Internet of Things (IoT)
Provide to people the security they need, the privacy they want, expressed with interactions they find acceptable. Reaching a secure state from the current state requires overcoming very serious gaps. This includes the gap between the cryptographic threat models and user risk preferences; the distance between cryptographic implementations and device capabilities; and between the usability of the devices in the home and expectations of the home’s occupants. The method was an introductory ground-setting keynote followed by intensive collaboration leveraging the participants’ collective expertise.
   
Phishing
Secure browsing is a high priority and a major interface challenge — specifically threats that are less detectable by the endusers, including phishing.
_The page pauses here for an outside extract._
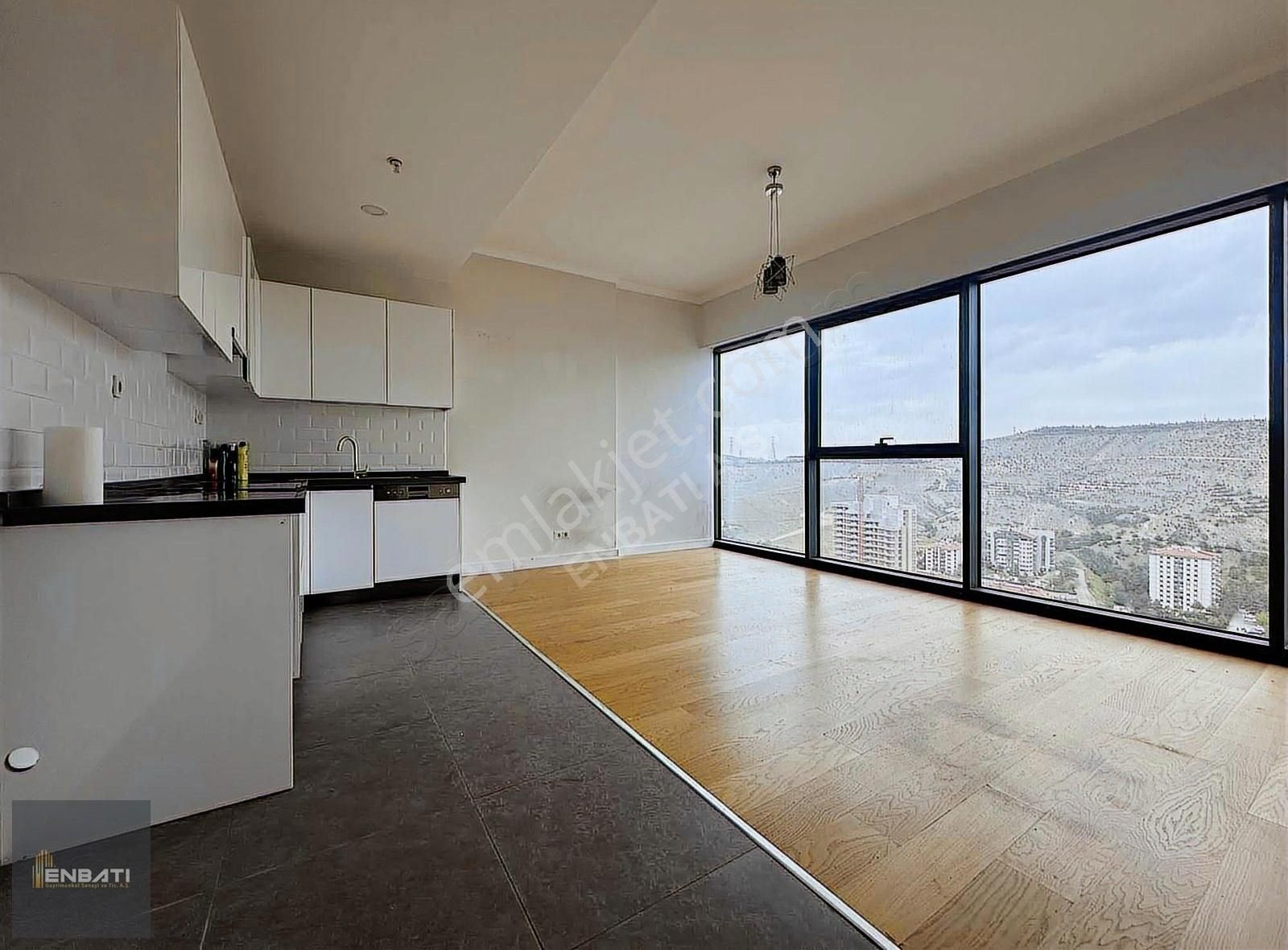 Elmar Towers'da Büyük Tip Yüksek Kat Kiralık Daire Enbatı A.ş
We developed and tested a user-centered solution for phishing detection leveraging machine learning to implement personalized blocking, probabilistic logic for evidence fusion and risk communication for user empowerment. The proposed solution is implemented as a browser extension: the Holistic User-Centered Identificationof Threats (HUCIT). Our prototype provides immediate local identification of phishing websites and blocks unfamiliar scripts, based on machine learning threat detection and user risk perception.
   
MUD
Manufacturer Usage Description (MUD) is a solution to defend Internet of Things (IoT) devices in home networks against cyber attacks. MUD uses the manufacturer's usage description to automatically setup a fine grained firewall on the network. Using MUD, the access of each device will be limited to the required domains and services, preventing an IoT device to get pwned or in case of a already-compromised IoT device, preventing it from communicating with outside servers or infecting other local IoT devices.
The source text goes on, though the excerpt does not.